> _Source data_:
━━━━━━━━━━━━━━━━
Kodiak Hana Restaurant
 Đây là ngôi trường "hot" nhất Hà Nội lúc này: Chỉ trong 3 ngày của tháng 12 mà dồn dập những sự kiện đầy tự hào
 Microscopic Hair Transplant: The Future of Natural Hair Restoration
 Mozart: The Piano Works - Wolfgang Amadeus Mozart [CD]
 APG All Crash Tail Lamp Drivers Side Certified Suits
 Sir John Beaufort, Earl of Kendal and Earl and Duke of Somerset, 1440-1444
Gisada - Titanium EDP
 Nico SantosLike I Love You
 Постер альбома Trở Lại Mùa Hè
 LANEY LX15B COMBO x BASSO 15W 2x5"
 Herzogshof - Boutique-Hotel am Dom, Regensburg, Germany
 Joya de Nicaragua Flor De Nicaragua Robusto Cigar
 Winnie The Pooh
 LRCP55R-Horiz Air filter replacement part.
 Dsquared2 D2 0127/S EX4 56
━━━━━━━━━━━━━━━━
> _Task details_:
Every line of the data is to be printed again exactly.

> _Written response_:
Kodiak Hana Restaurant
 Đây là ngôi trường "hot" nhất Hà Nội lúc này: Chỉ trong 3 ngày của tháng 12 mà dồn dập những sự kiện đầy tự hào
 Microscopic Hair Transplant: The Future of Natural Hair Restoration
 Mozart: The Piano Works - Wolfgang Amadeus Mozart [CD]
 APG All Crash Tail Lamp Drivers Side Certified Suits
 Sir John Beaufort, Earl of Kendal and Earl and Duke of Somerset, 1440-1444
Gisada - Titanium EDP
 Nico SantosLike I Love You
 Постер альбома Trở Lại Mùa Hè
 LANEY LX15B COMBO x BASSO 15W 2x5"
 Herzogshof - Boutique-Hotel am Dom, Regensburg, Germany
 Joya de Nicaragua Flor De Nicaragua Robusto Cigar
 Winnie The Pooh
 LRCP55R-Horiz Air filter replacement part.
 Dsquared2 D2 0127/S EX4 56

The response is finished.